硝酸性窒素(NO3-N)処理剤バチルエース
バチルエース剤
特徴
- バチルエースは、硫黄をエネルギー源とする固体栄養法のため、メタノール添加等の制御システムおよび後曝気処理等の付帯設備が不要です
- 装置の構造が簡素であり、余剰汚泥の発生量が極めて少ないため、維持管理が容易です
- pH緩衝機能に優れ、海水条件でも使用可能です。また、15℃以下でも処理可能です
バチルエースと硫黄酸化脱窒細菌による脱窒の原理
本システムの原理は、硫黄酸化脱窒細菌による硝酸性窒素処理であり、いわゆる一般土壌菌を用いる生物学的処理です。本システムでは、この硫黄酸化脱窒菌とバチルエース(硫黄カルシウム剤)を用いて硝酸性窒素を処理します。

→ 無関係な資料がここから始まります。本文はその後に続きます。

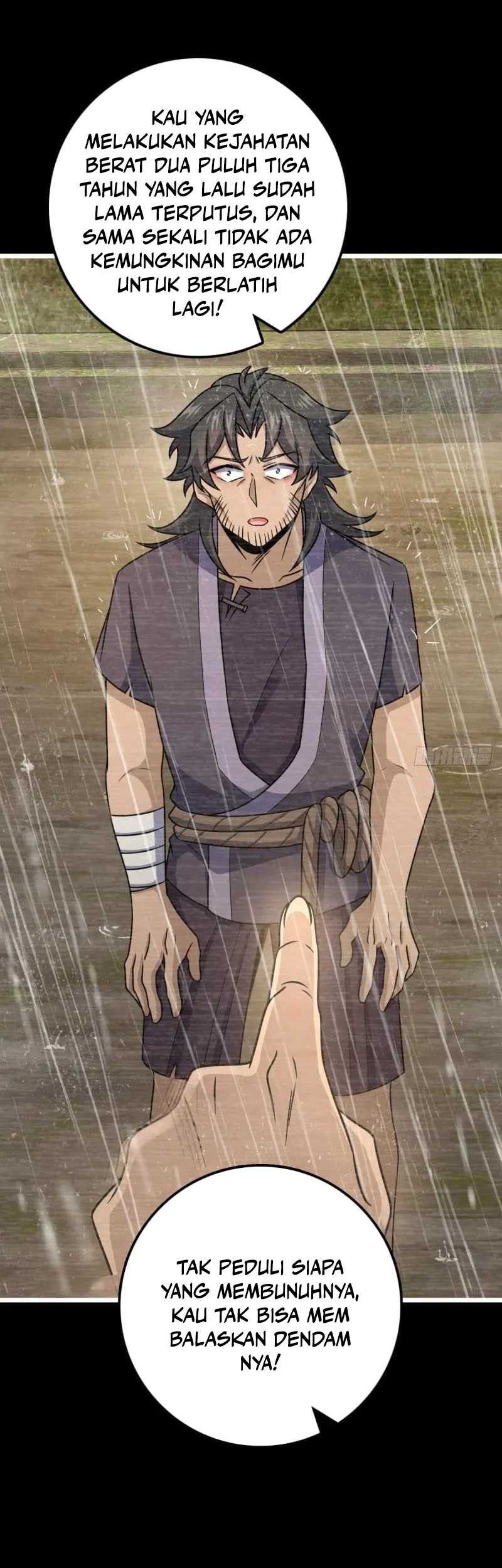 Spare Me, Great Lord! Chapter 516 Gambar 7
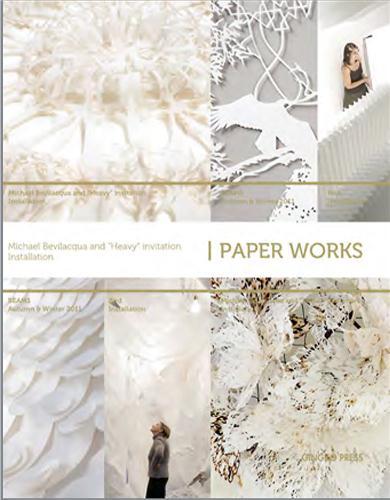 Paper Works /anglais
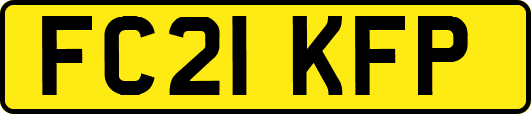 FC21KFP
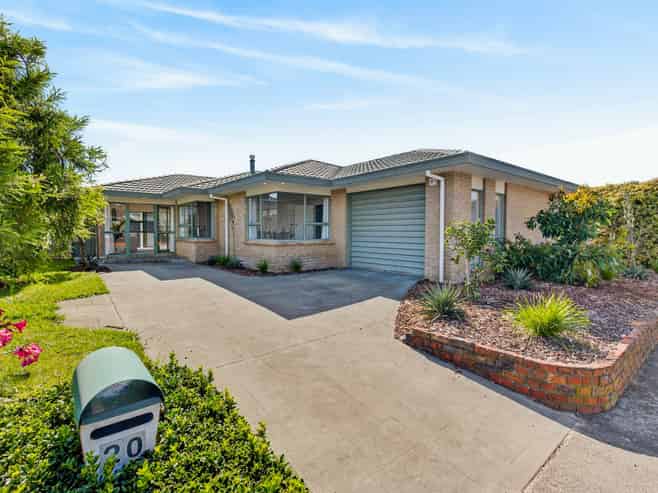 20 Gallipoli Road, Onekawa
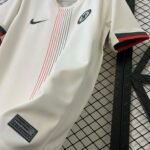 2025/2026 Chelsea Away Football Shirt1:1 Thai Quality - Image 8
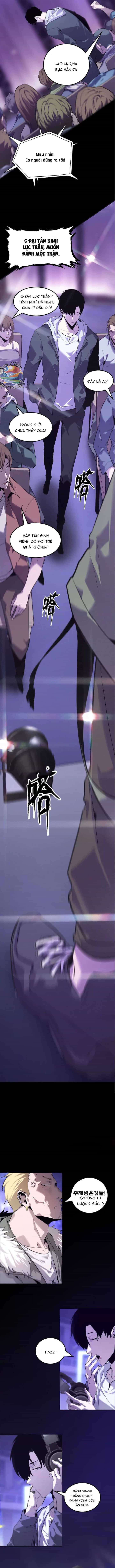 Game Online: Thiên Hạ Vô Song - Chương 1 - ảnh 7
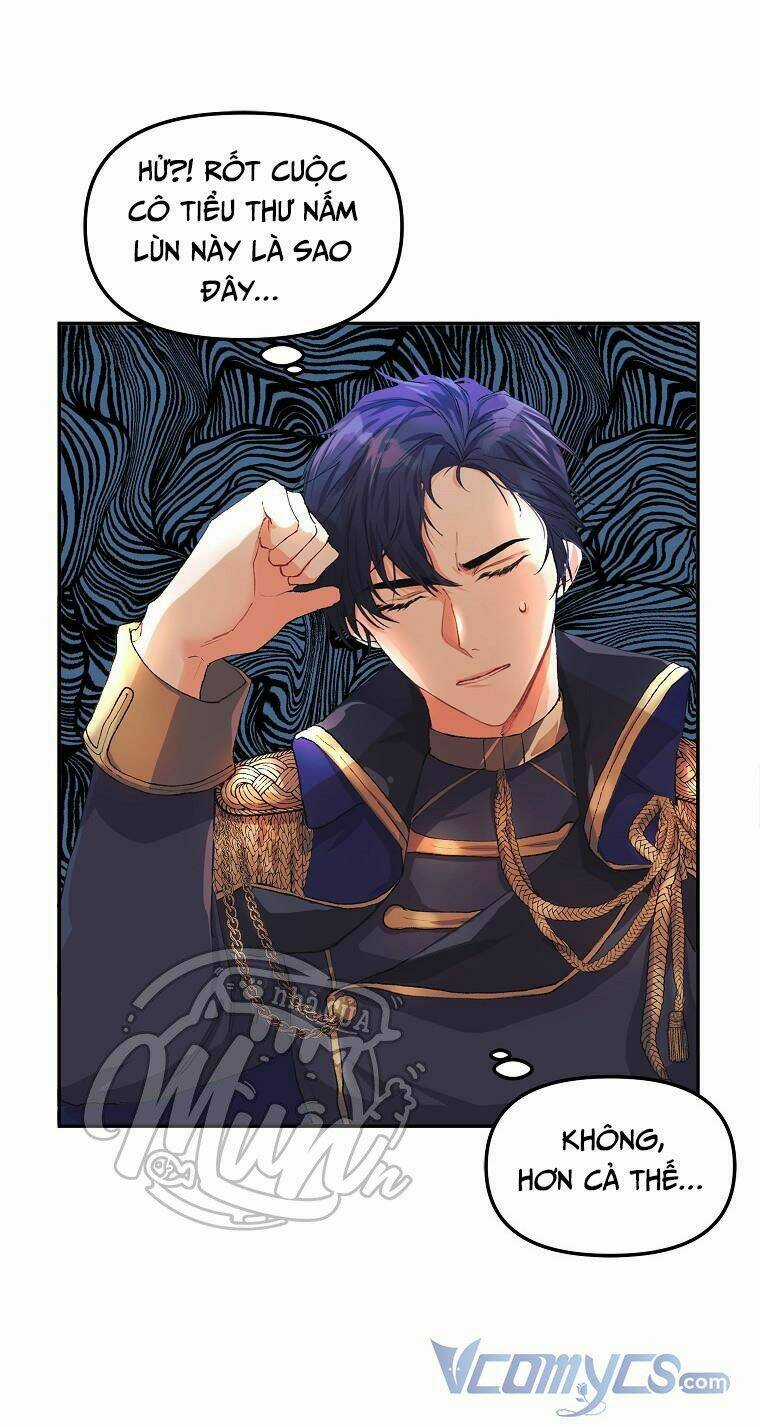 Thời Gian Của Nhân Vật Phụ Có Giới Hạn Chapter 7 trang 59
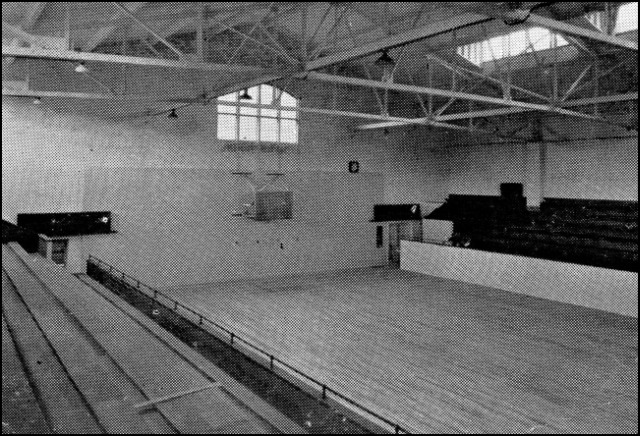 (Gymnasium)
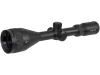 Прицел Gaut Quartz 3-9x50 AO, сетка 32, подсветка, 0.1 МIL, арт. Q3950AOM-32 [GAUT]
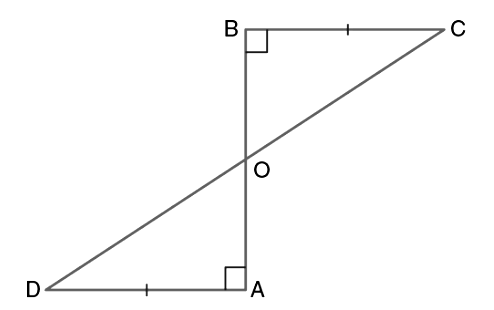 Class 9 Maths Chapter 6 Question Answers - Triangles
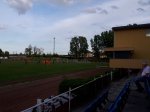 Dombóvári LK - Tamási 2009 FC II. 2-1, Megyei III. oszt., 2019.05.11. 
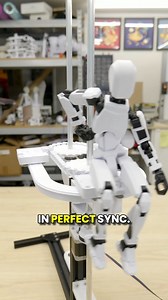 46K views · 408 reactions | Building a Ring Guide Conveyor #ad •••To...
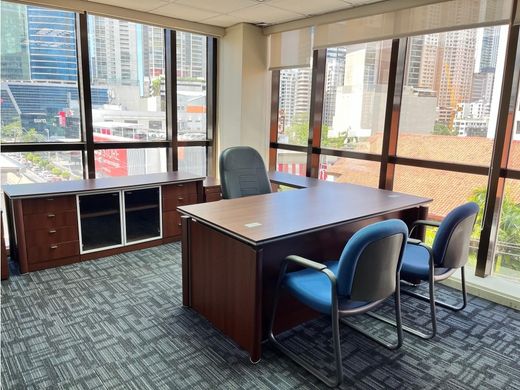 Escritório - Panamá, Distrito de Panamá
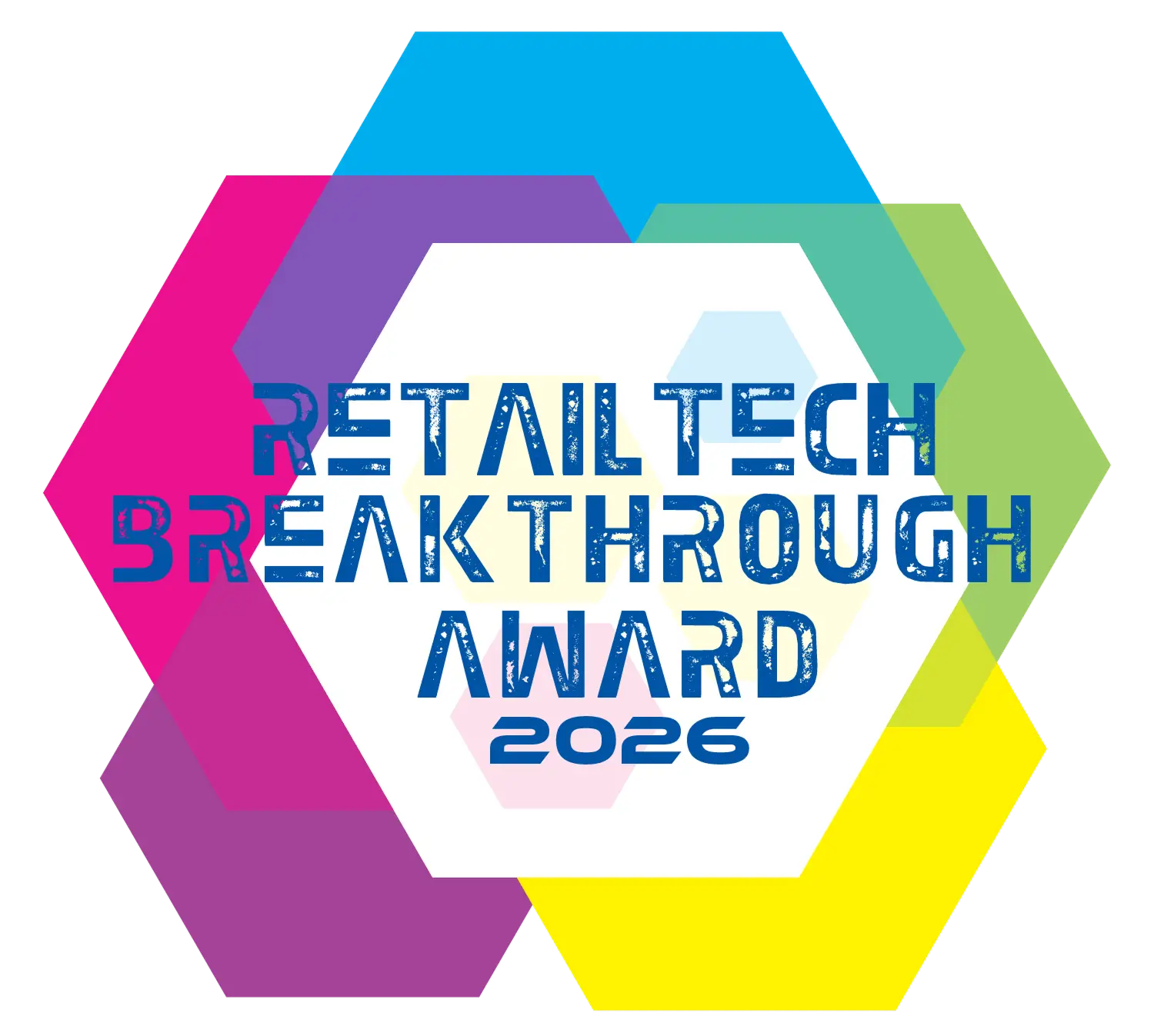 retailtech breakthrough award 2026
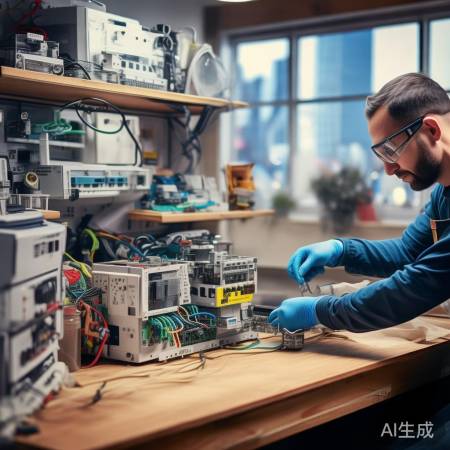 掌握5A电视保险丝，保障生活品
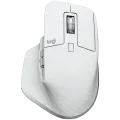 LOGITECH  MX Master 3S Mouse, Gray – photo 1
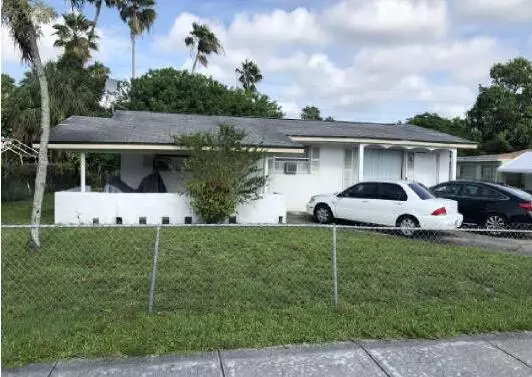 Fort Lauderdale, FL 33311,2211 NW 23rd LN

水中の硝酸イオン(NO3-)は、硫黄酸化脱窒細菌(Thiobacillus denitrificans)によってとり込まれ、硫黄酸化脱窒細菌は硝酸イオンの中の酸素で呼吸をし、不要な窒素(NO3-N)を窒素ガス(N2)として排気します。これが本生物処理における硝酸性窒素処理の基本メカニズムとなります。なおその際、硫黄酸化脱窒細菌は硫黄を取り込んで硫酸イオン(SO42-)を排出しますが、この時に硫黄と一緒に配合されているカルシウム(Ca)がこの硫酸イオンと結合して硫酸カルシウム(いわゆる石膏(CaSO4))を形成し、処理水の酸性化を防止することになります。
なお、硫黄/カルシウム系無機質材上における硫黄酸化脱窒反応は、現地実証サイトにおける採取データとその反応解析より、KOENIG&LIUの式とよく一致することが確認されています。
1.06NO3-+1.11S+0.3CO2+0.785H2O → 0.5N2+1.11SO42-+1.16H++0.06C5H7O2N
実際に硝酸性窒素処理を実施した硫黄カルシウム剤の表面を電子顕微鏡で観察すると、長さ2~3μm程度の硫黄酸化細菌を確認することができます(図2)。この硫黄酸化細菌が硫黄カルシウム剤の硫黄を食べながらNO3をN2へ変換してくれるのです。